Massachusetts Court: Patients Have Standing to Sue for Data Breach Based on Data Exposure Alone
A Massachusetts Superior Court judge held that a plaintiff has standing to sue for money damages based on the mere exposure of plaintiff’s private information in an alleged data breach. The court concluded that the plaintiff had pleaded a “real and immediate risk” of injury despite failing to allege that any unauthorized persons had even seen or accessed that information. The Massachusetts decision adopts a more relaxed approach to standing than has generally been followed in the federal courts. The holding, however, may not have broad applicability outside of Massachusetts state court, and does not eliminate potential obstacles to proving the claims asserted.
In Walker et al v. Boston Medical Center Corp., No. 2015-1733-BLS 1 (Mass. Super. Ct. Nov. 19, 2015), plaintiffs alleged that Boston Medical Center Corp. (“BMC”) notified them that their medical records “were inadvertently made accessible to the public through an independent medical record transcription service’s online site.” Although BMC did not know how long the information had been vulnerable to access by unauthorized individuals, BMC notified the plaintiffs by letter that it had no reason to suspect that any patient data had been misused as a result of the breach. Plaintiffs do not allege that any unauthorized persons actually viewed, accessed or misused their private information. Plaintiffs seek to recover money damages under a host of statutory and common law theories.

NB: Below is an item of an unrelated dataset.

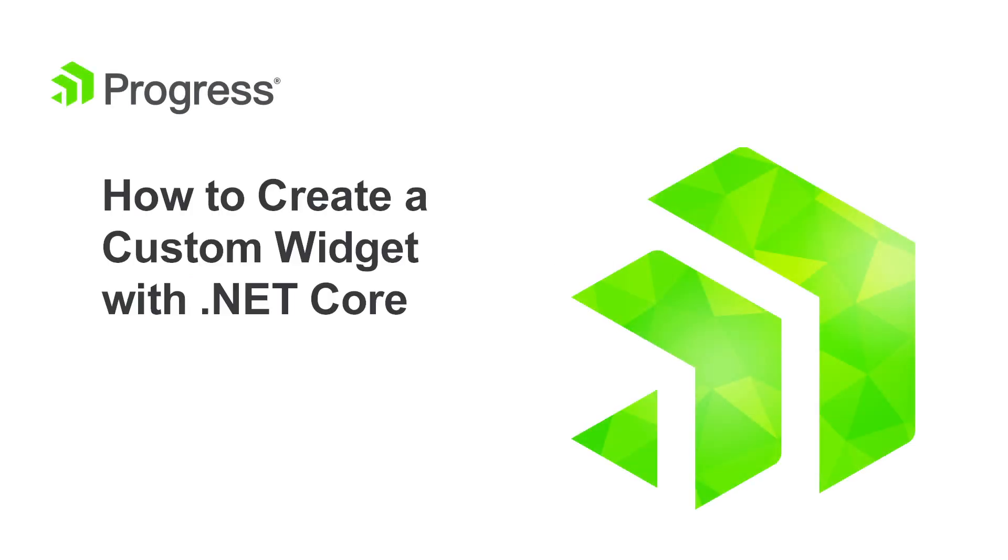Sitefinity lets you build your presentation layer on .NET Core and comes with a set of front-end development tools available right out of the box.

BMC moved to dismiss for lack of standing. A robust line of federal authority, following the Supreme Court’s decision in Clapper v. Amnesty International USA, 113 S. Ct. 1138 (2013), holds that alleging mere exposure of private data, without any resulting harm or injury, is insufficient to establish standing to sue for money damages in federal court. Without citing to or distinguishing these federal cases, the Massachusetts court denied BMC’s motion to dismiss, reasoning that pleading a “real and immediate risk” of injury was sufficient for a plaintiff to demonstrate standing. Although the Walker plaintiffs did not allege that their medical records had been accessed, or their personal information used, by any unauthorized person, the court’s holding indicates that the mere exposure of patient data to the potential to be accessed by unauthorized persons may still adequately plead an injury. In this case, the plaintiffs alleged facts that, if true “suggest[ed] a real risk of harm from the data breach at BMC” (internal quotations omitted) because BMC’s letter notifying the plaintiffs of the data breach supported an inference that “plaintiffs’ medical records were available to the public on the internet for some period of time and that there is a serious risk of disclosure.” Based on this inference, the court found it was reasonable to draw the further inference that the records “either were accessed or likely to be accessed by an unauthorized person.” This “general allegation of injury from the data breach” was sufficient to demonstrate standing.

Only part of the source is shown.